Я по-прежнему пялился в окно. Там было мое отражение, вписанное в мрачный фон. Перед ним мне не нужно было оправдываться. Да и перед ней тоже. Ёб твою мать, мы выдержали всю ту прогулку, даже не взявшись за руки, зачем сейчас портить поездку. Так гораздо больше пробирает, нет что ли? Нет, мне совсем не было плохо. Может быть только немного грустно, но грусть это в порядке вещей. В сущности, я чувствовал себя чисто, если понятно, что я имею в виду. Одиночество настигает каждого. Оно самая сильная химия — разливается по всему телу, проникает повсюду, даже в те места, про которые ты и не знал, что они у тебя есть. Проблема только в том, что ты никогда не бываешь один. Стоит себе в этом признаться, и становится легче. Из-за молчания Даницы у меня поднялось настроение. Это была тишина такого рода, что в ней можно было ясно услышать как «эго» надувается, пуская пар как кипящая вода, которая ждет, что в нее бросят какие-нибудь листья, травки или целиком растения. Я вздохнул, поцеловал ее в щеку и сунул ей бутылку водки, которую незадолго до этого купил, на всякий случай. Чтоб выпить. Оказалось, это был правильный шаг. Я имею в виду, покупка водки. В противном случае, мне было бы совсем нечего ей предложить. Она взяла бутылку, отпила маленький, дегустационный глоток, подождала результата, подрагивая длинными ресницами, а потом закинула голову и, опираясь затылком на спинку сидения, влила в себя необходимую дозу. Тестирование было закончено, и мы могли полностью отдаться напитку. А что еще делать в компании утомленного паломника, возвращающегося домой? Я не любил раздумывать о выборе, я ей так и сказал. Она заявила, что о таком не говорят, а затем очень, очень доверительным тоном прошептала: «Я могу быть своя в доску только тогда, когда у меня с кем-то связь».

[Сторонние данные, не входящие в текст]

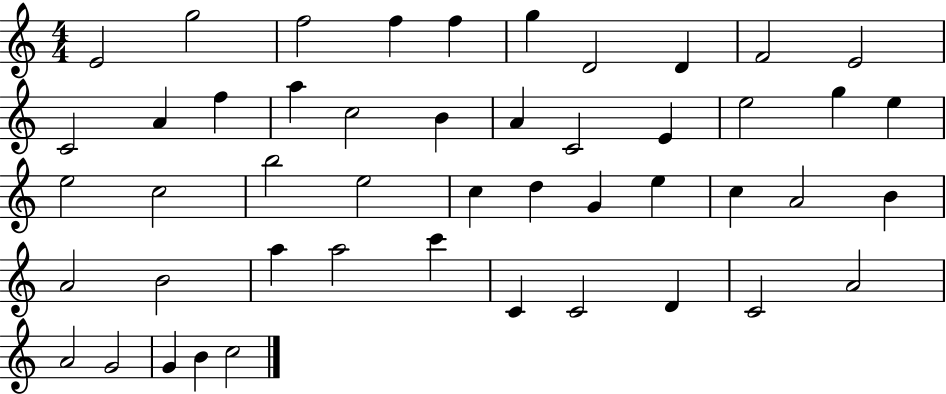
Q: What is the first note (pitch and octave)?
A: E4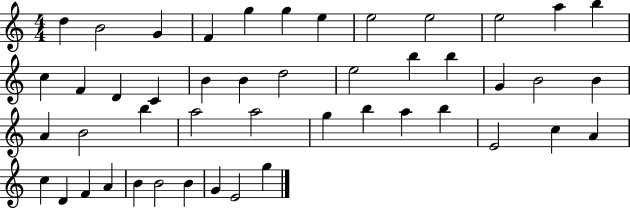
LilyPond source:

{
  \clef treble
  \numericTimeSignature
  \time 4/4
  \key c \major
  d''4 b'2 g'4 | f'4 g''4 g''4 e''4 | e''2 e''2 | e''2 a''4 b''4 | \break c''4 f'4 d'4 c'4 | b'4 b'4 d''2 | e''2 b''4 b''4 | g'4 b'2 b'4 | \break a'4 b'2 b''4 | a''2 a''2 | g''4 b''4 a''4 b''4 | e'2 c''4 a'4 | \break c''4 d'4 f'4 a'4 | b'4 b'2 b'4 | g'4 e'2 g''4 | \bar "|."
}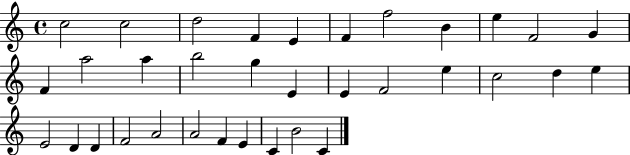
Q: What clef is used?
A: treble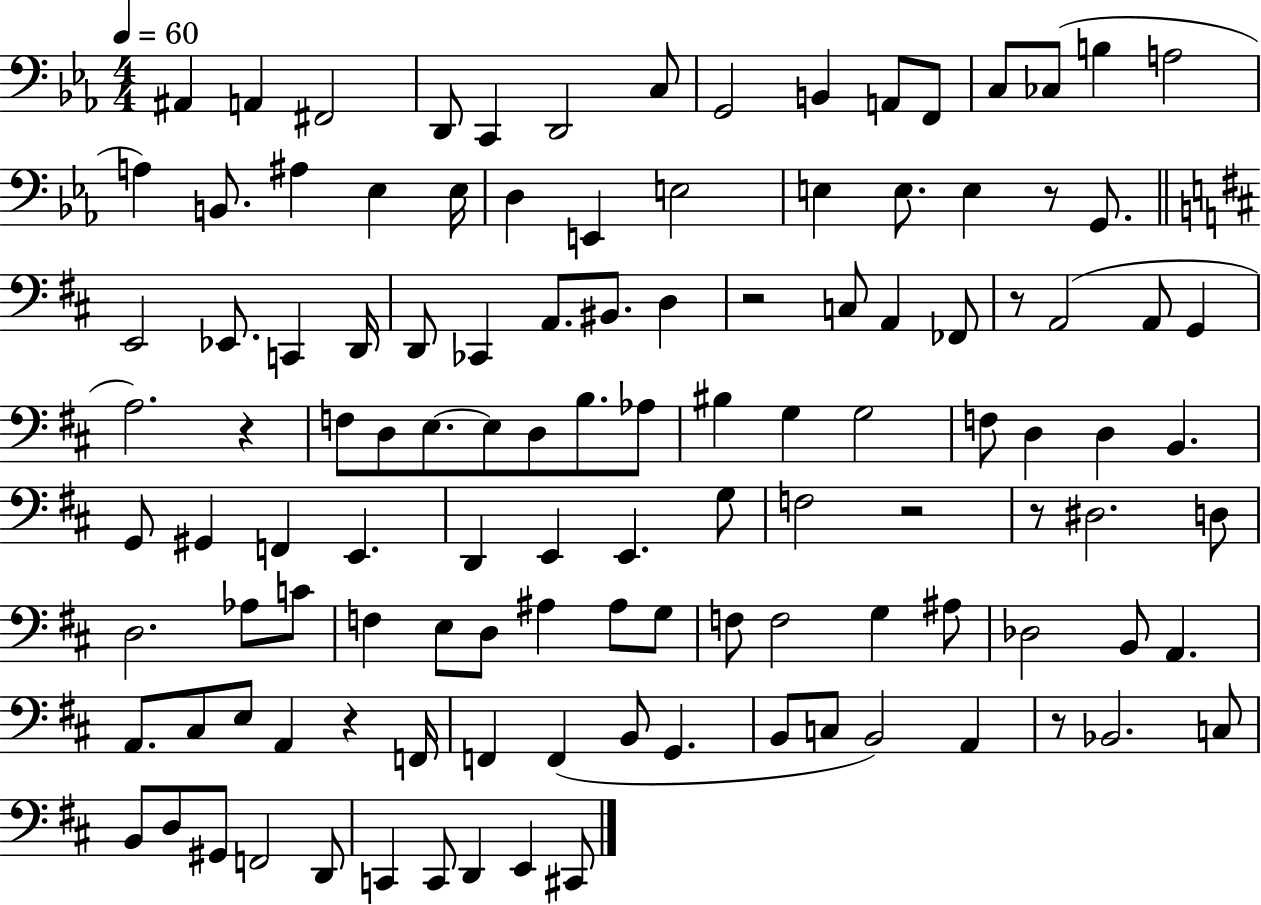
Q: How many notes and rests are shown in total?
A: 117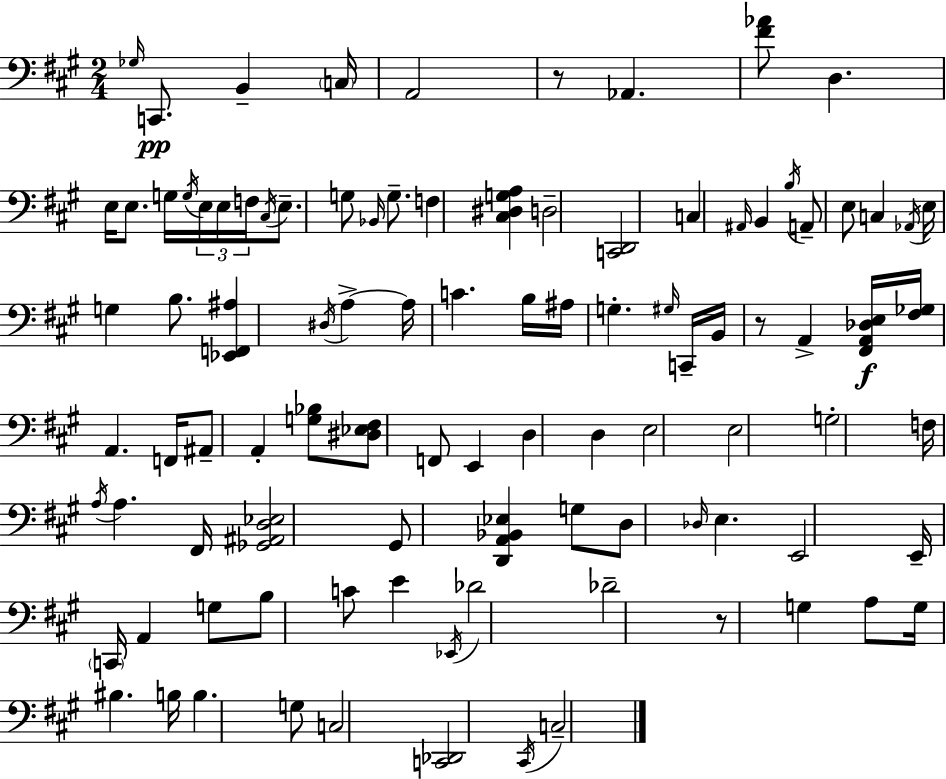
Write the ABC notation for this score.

X:1
T:Untitled
M:2/4
L:1/4
K:A
_G,/4 C,,/2 B,, C,/4 A,,2 z/2 _A,, [^F_A]/2 D, E,/4 E,/2 G,/4 G,/4 E,/4 E,/4 F,/4 ^C,/4 E,/2 G,/2 _B,,/4 G,/2 F, [^C,^D,G,A,] D,2 [C,,D,,]2 C, ^A,,/4 B,, B,/4 A,,/2 E,/2 C, _A,,/4 E,/4 G, B,/2 [_E,,F,,^A,] ^D,/4 A, A,/4 C B,/4 ^A,/4 G, ^G,/4 C,,/4 B,,/4 z/2 A,, [^F,,A,,_D,E,]/4 [^F,_G,]/4 A,, F,,/4 ^A,,/2 A,, [G,_B,]/2 [^D,_E,^F,]/2 F,,/2 E,, D, D, E,2 E,2 G,2 F,/4 A,/4 A, ^F,,/4 [_G,,^A,,D,_E,]2 ^G,,/2 [D,,A,,_B,,_E,] G,/2 D,/2 _D,/4 E, E,,2 E,,/4 C,,/4 A,, G,/2 B,/2 C/2 E _E,,/4 _D2 _D2 z/2 G, A,/2 G,/4 ^B, B,/4 B, G,/2 C,2 [C,,_D,,]2 ^C,,/4 C,2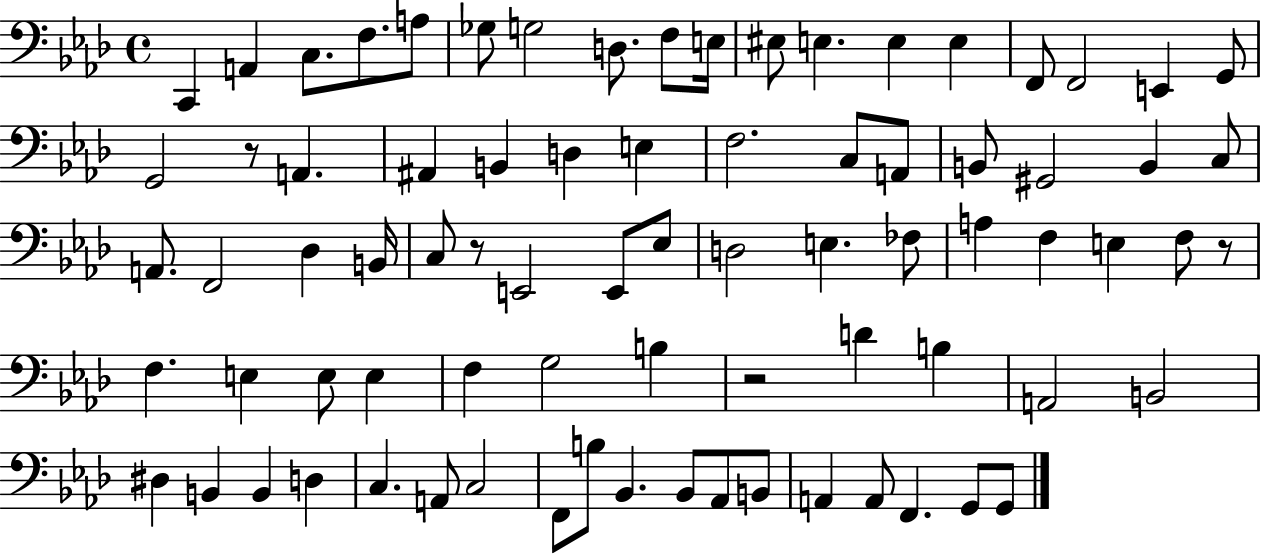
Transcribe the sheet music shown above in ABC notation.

X:1
T:Untitled
M:4/4
L:1/4
K:Ab
C,, A,, C,/2 F,/2 A,/2 _G,/2 G,2 D,/2 F,/2 E,/4 ^E,/2 E, E, E, F,,/2 F,,2 E,, G,,/2 G,,2 z/2 A,, ^A,, B,, D, E, F,2 C,/2 A,,/2 B,,/2 ^G,,2 B,, C,/2 A,,/2 F,,2 _D, B,,/4 C,/2 z/2 E,,2 E,,/2 _E,/2 D,2 E, _F,/2 A, F, E, F,/2 z/2 F, E, E,/2 E, F, G,2 B, z2 D B, A,,2 B,,2 ^D, B,, B,, D, C, A,,/2 C,2 F,,/2 B,/2 _B,, _B,,/2 _A,,/2 B,,/2 A,, A,,/2 F,, G,,/2 G,,/2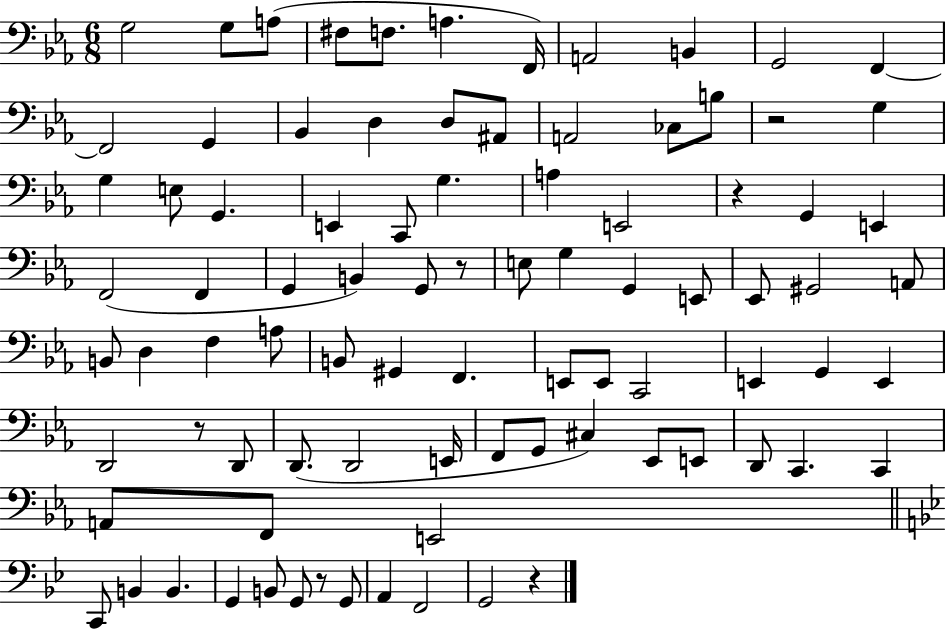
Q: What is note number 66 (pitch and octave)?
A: E2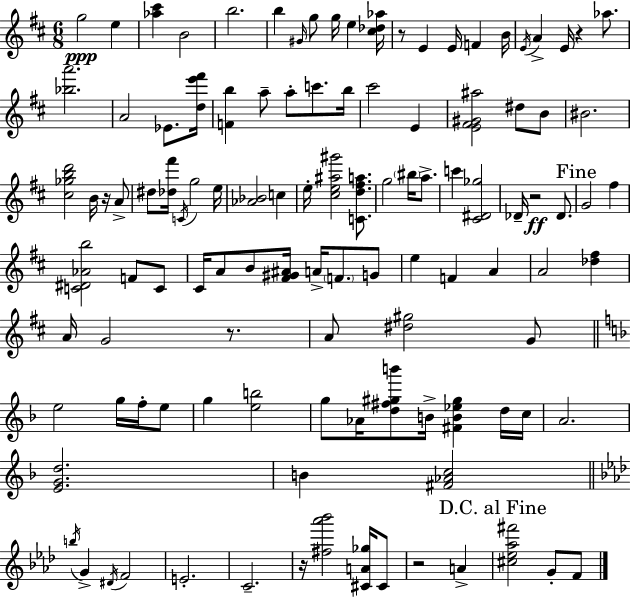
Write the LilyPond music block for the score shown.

{
  \clef treble
  \numericTimeSignature
  \time 6/8
  \key d \major
  \repeat volta 2 { g''2\ppp e''4 | <aes'' cis'''>4 b'2 | b''2. | b''4 \grace { gis'16 } g''8 g''16 e''4 | \break <cis'' des'' aes''>16 r8 e'4 e'16 f'4 | b'16 \acciaccatura { e'16 } a'4-> e'16 r4 aes''8. | <bes'' a'''>2. | a'2 ees'8. | \break <d'' e''' fis'''>16 <f' b''>4 a''8-- a''8-. c'''8. | b''16 cis'''2 e'4 | <e' fis' gis' ais''>2 dis''8 | b'8 bis'2. | \break <cis'' ges'' b'' d'''>2 b'16 r16 | a'8-> dis''8 <des'' fis'''>16 \acciaccatura { c'16 } g''2 | e''16 <aes' bes'>2 c''4 | e''16-. <cis'' e'' ais'' gis'''>2 | \break <c' d'' fis'' a''>8. g''2 \parenthesize bis''16 | a''8.-> c'''4 <cis' dis' ges''>2 | des'16-- r2\ff | des'8. \mark "Fine" g'2 fis''4 | \break <c' dis' aes' b''>2 f'8 | c'8 cis'16 a'8 b'8 <fis' gis' ais'>16 a'16-> \parenthesize f'8. | g'8 e''4 f'4 a'4 | a'2 <des'' fis''>4 | \break a'16 g'2 | r8. a'8 <dis'' gis''>2 | g'8 \bar "||" \break \key f \major e''2 g''16 f''16-. e''8 | g''4 <e'' b''>2 | g''8 aes'16 <d'' fis'' gis'' b'''>8 b'16-> <fis' b' ees'' gis''>4 d''16 c''16 | a'2. | \break <e' g' d''>2. | b'4 <fis' aes' c''>2 | \bar "||" \break \key aes \major \acciaccatura { b''16 } g'4-> \acciaccatura { dis'16 } f'2 | e'2.-. | c'2.-- | r16 <fis'' aes''' bes'''>2 <cis' a' ges''>16 | \break cis'8 r2 a'4-> | \mark "D.C. al Fine" <cis'' ees'' aes'' fis'''>2 g'8-. | f'8 } \bar "|."
}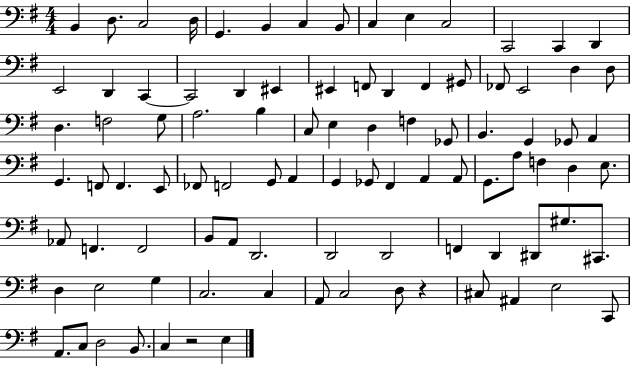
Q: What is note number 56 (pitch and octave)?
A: A2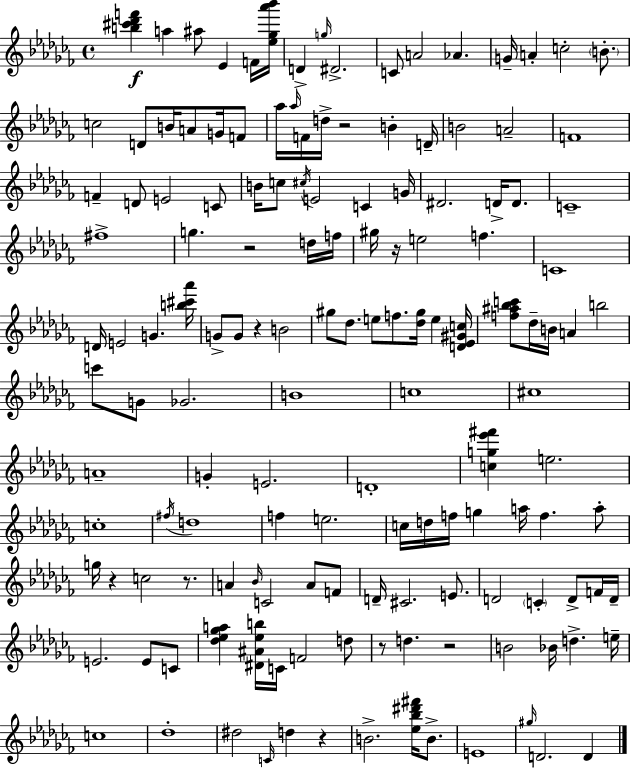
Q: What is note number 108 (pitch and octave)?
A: C4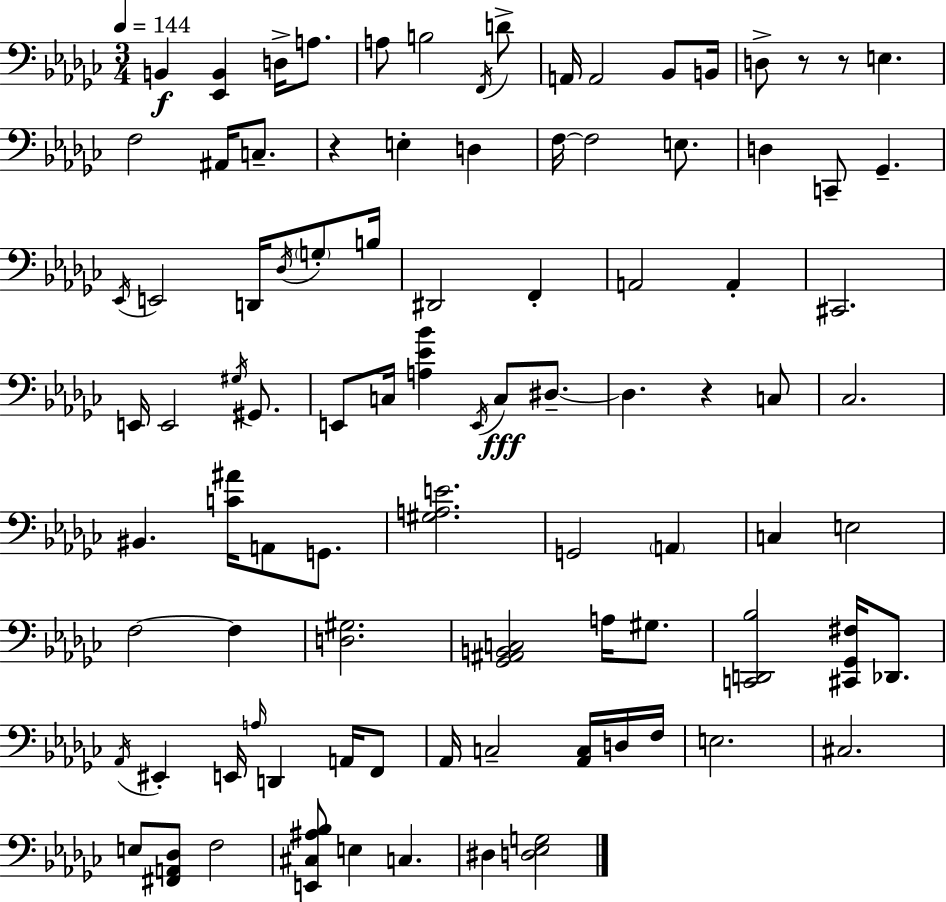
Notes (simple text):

B2/q [Eb2,B2]/q D3/s A3/e. A3/e B3/h F2/s D4/e A2/s A2/h Bb2/e B2/s D3/e R/e R/e E3/q. F3/h A#2/s C3/e. R/q E3/q D3/q F3/s F3/h E3/e. D3/q C2/e Gb2/q. Eb2/s E2/h D2/s Db3/s G3/e B3/s D#2/h F2/q A2/h A2/q C#2/h. E2/s E2/h G#3/s G#2/e. E2/e C3/s [A3,Eb4,Bb4]/q E2/s C3/e D#3/e. D#3/q. R/q C3/e CES3/h. BIS2/q. [C4,A#4]/s A2/e G2/e. [G#3,A3,E4]/h. G2/h A2/q C3/q E3/h F3/h F3/q [D3,G#3]/h. [Gb2,A#2,B2,C3]/h A3/s G#3/e. [C2,D2,Bb3]/h [C#2,Gb2,F#3]/s Db2/e. Ab2/s EIS2/q E2/s A3/s D2/q A2/s F2/e Ab2/s C3/h [Ab2,C3]/s D3/s F3/s E3/h. C#3/h. E3/e [F#2,A2,Db3]/e F3/h [E2,C#3,A#3,Bb3]/e E3/q C3/q. D#3/q [D3,Eb3,G3]/h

«Это то, что меня мучает», прокашлял я признание.
«С какой стати это может мучить тебя?». Она посмотрела на меня, как на впавшего в детство маразматика, удивленная тем, что видит.
«Потому что я хотел бы, чтобы ты не была уж очень своя в доску», сказал я, вытирая рот.
«То, чего хочешь, вовсе не всегда то, чего хочешь хотеть». Она положила голову мне на плечо. Как-то по-кошачьи.
Да, она действительно умела говорить такие вещи, которые ты слушаешь каждый день, но никогда не слышишь. Важные безболезненные вещи, которые с тобой происходят для порядка, только для того, чтобы сделать твою жизнь достаточно бессмысленной и легкой.
Пока я так потихоньку обмозговывал все это, одурманенный водкой и воздухом в автобусе, Даница заснула, не выпуская моей руки. Это не помешало мне развлечься. «Ю мэйк май харт синг. Ю мэйк ми эвритинг. Ю мув ми», покачивался я на сидении под слова и рифф, который скользил от высшей до низшей точки моего позвоночника. Да, это была поездка, о которой мечтает каждый Ковальски. «Бэйб, ай тинк ай лав ю», пел я версию Хендрикса, уверенный, что «Троггсы» не имеют ничего против. «Бат ай вона ноу фор шур! О, бэйб, плиз! Сак ит ту ми ван мор тайм»[10]. Я искренне обрадовался, что есть такой гимн любви, под который могу присягнуть и я.